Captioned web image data
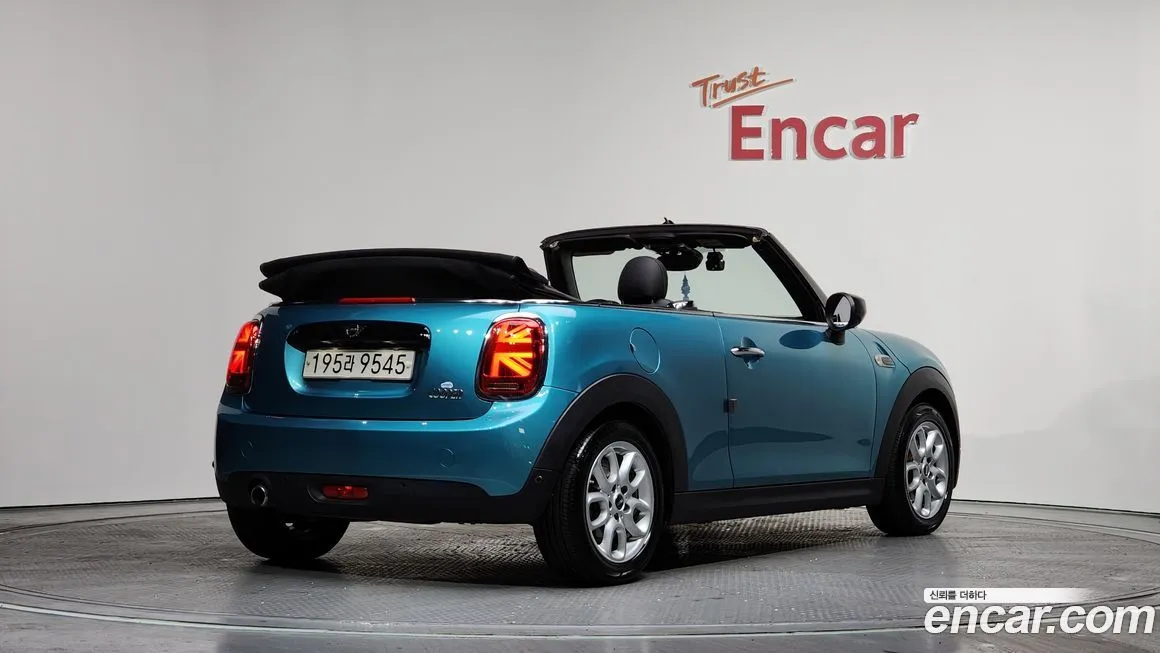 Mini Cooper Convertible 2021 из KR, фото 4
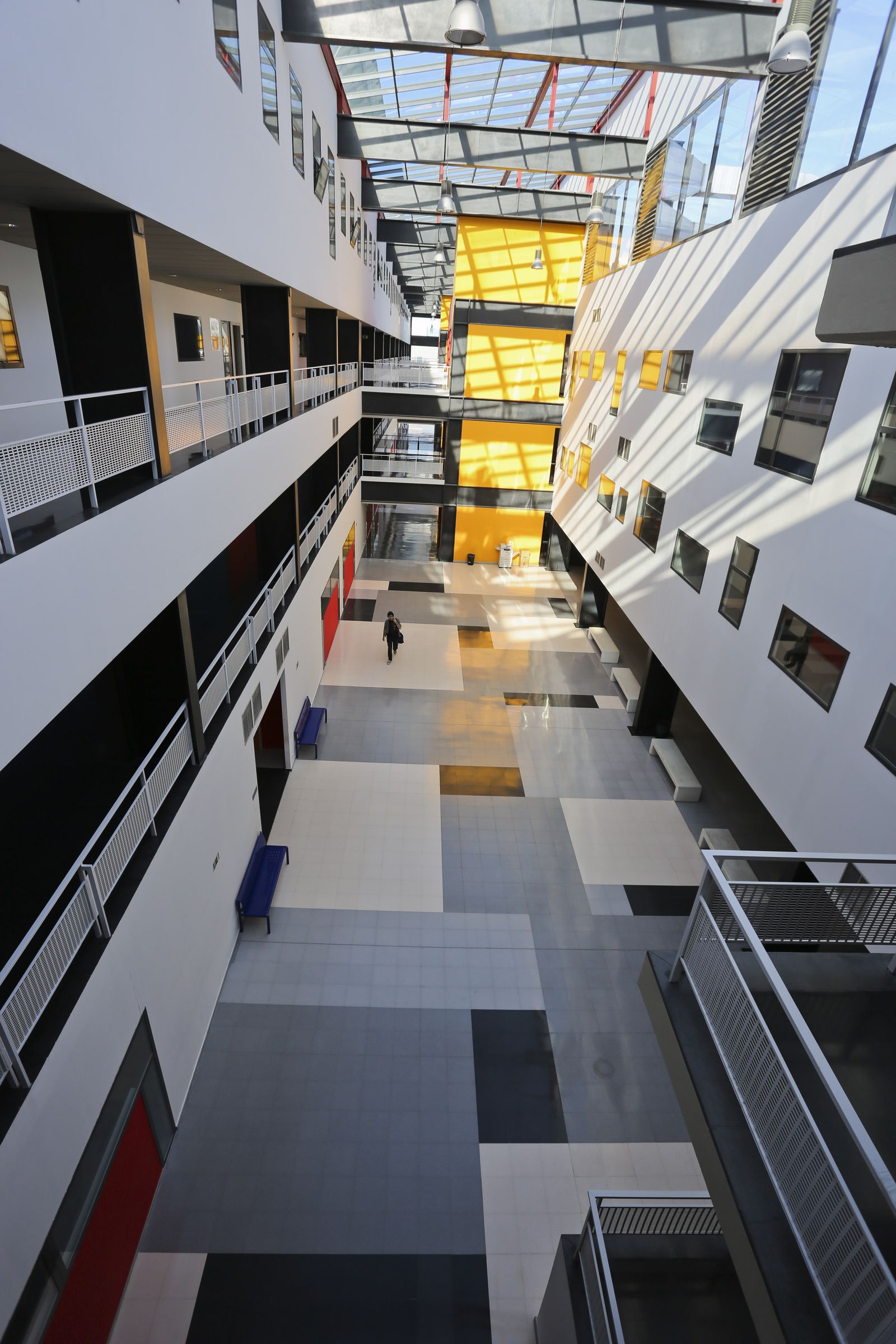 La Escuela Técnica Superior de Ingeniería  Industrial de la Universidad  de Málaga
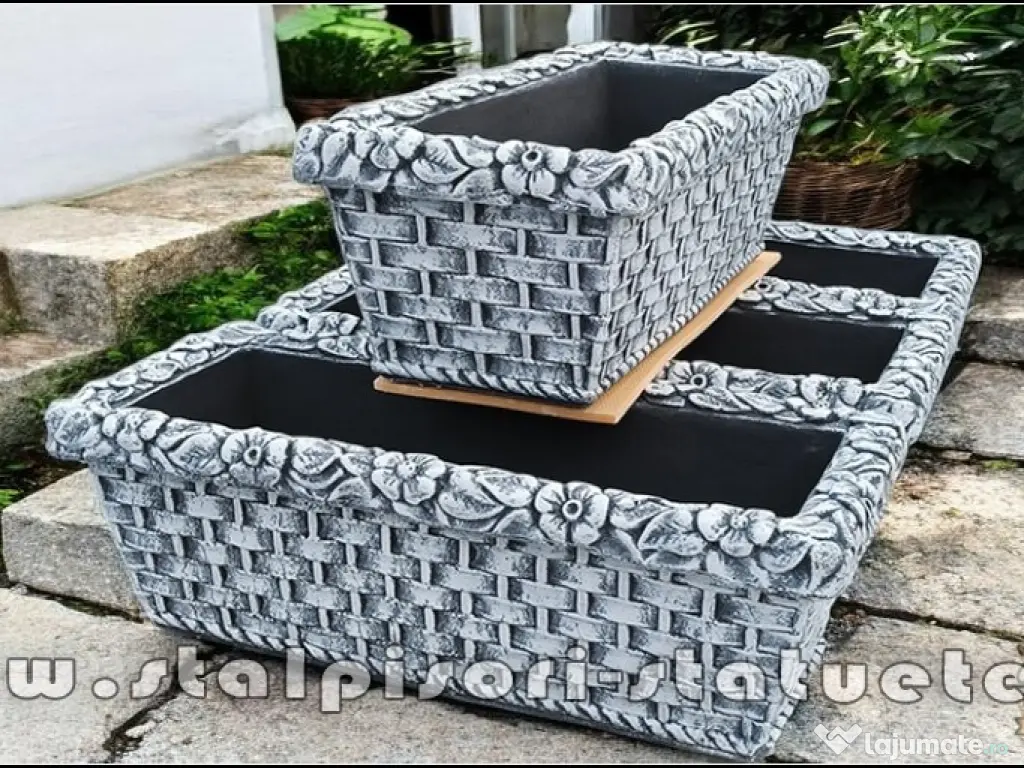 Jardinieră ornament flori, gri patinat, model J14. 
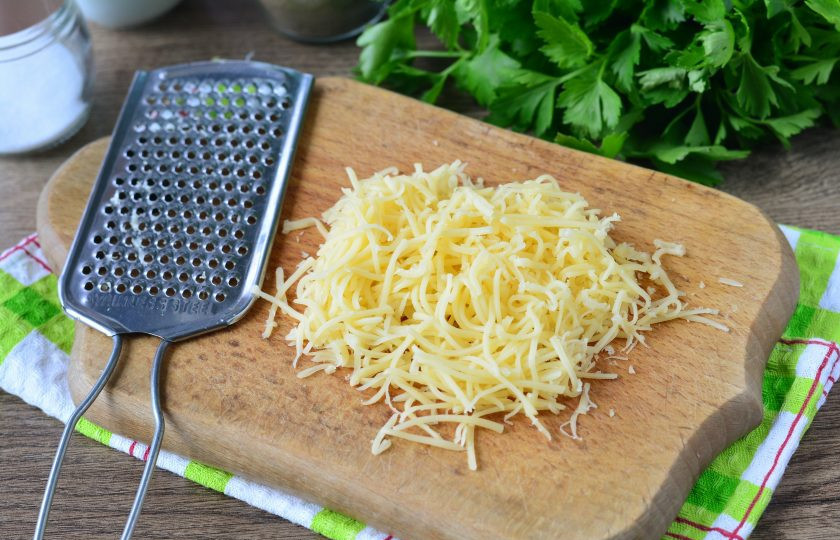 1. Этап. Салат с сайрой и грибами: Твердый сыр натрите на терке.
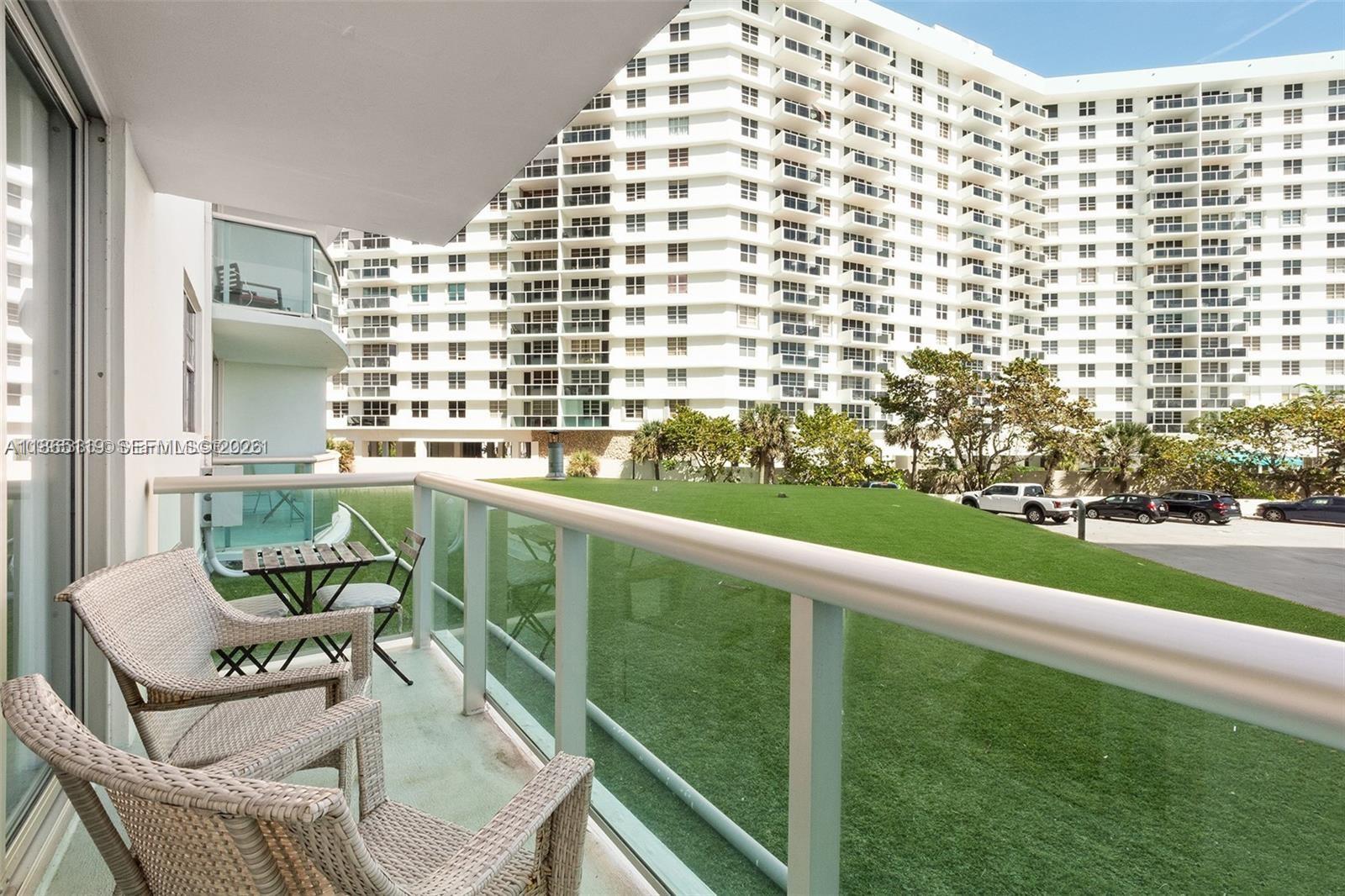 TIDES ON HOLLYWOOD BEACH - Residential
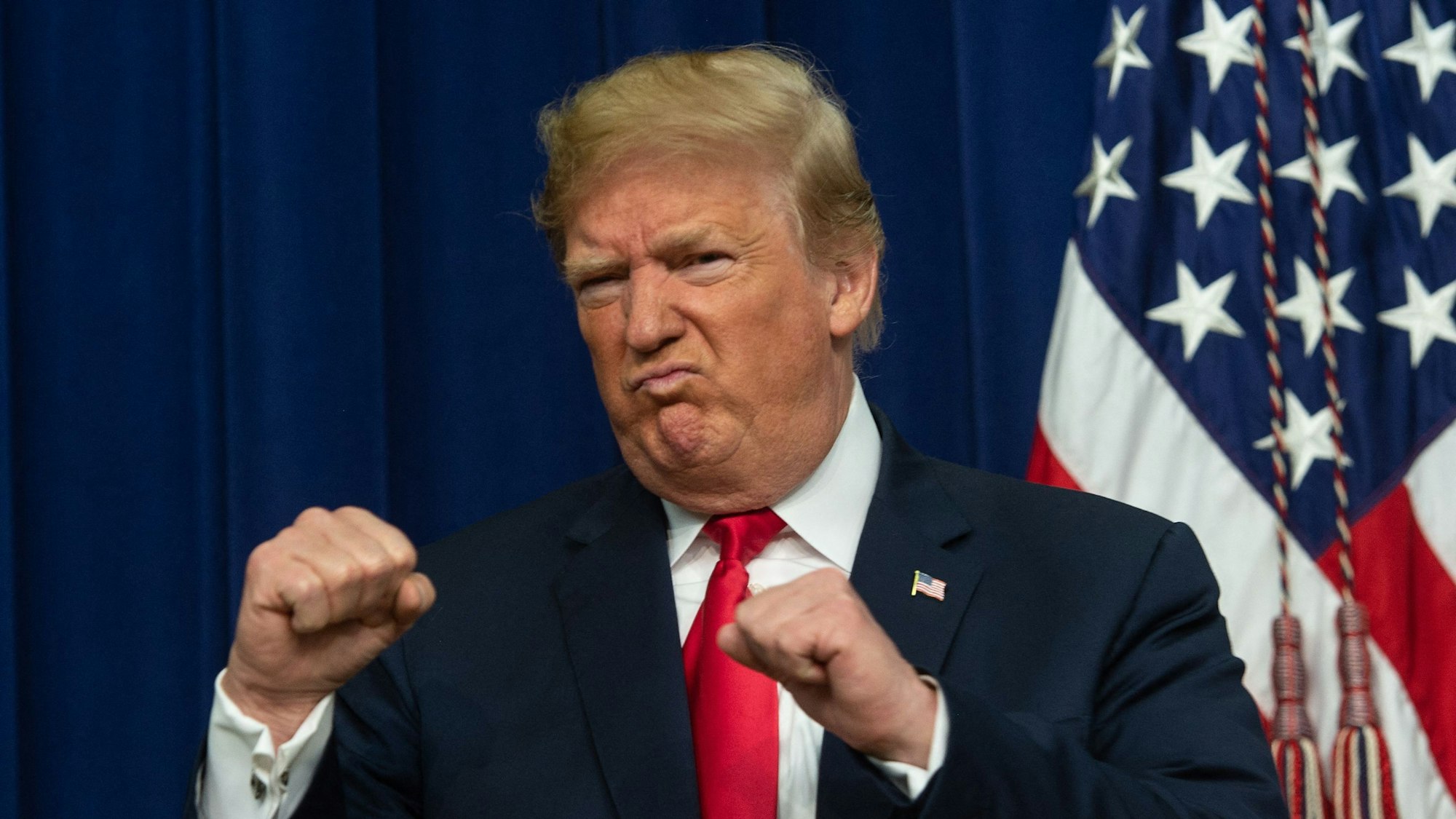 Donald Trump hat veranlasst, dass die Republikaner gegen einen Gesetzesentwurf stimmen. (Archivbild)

* **WHAT THE TASK ASKS**
All of the entries above should be duplicated exactly, except for the pictures.

* **FINISHED TASK**
 Mini Cooper Convertible 2021 из KR, фото 4
 La Escuela Técnica Superior de Ingeniería  Industrial de la Universidad  de Málaga
 Jardinieră ornament flori, gri patinat, model J14. 
 1. Этап. Салат с сайрой и грибами: Твердый сыр натрите на терке.
 TIDES ON HOLLYWOOD BEACH - Residential
 Donald Trump hat veranlasst, dass die Republikaner gegen einen Gesetzesentwurf stimmen. (Archivbild)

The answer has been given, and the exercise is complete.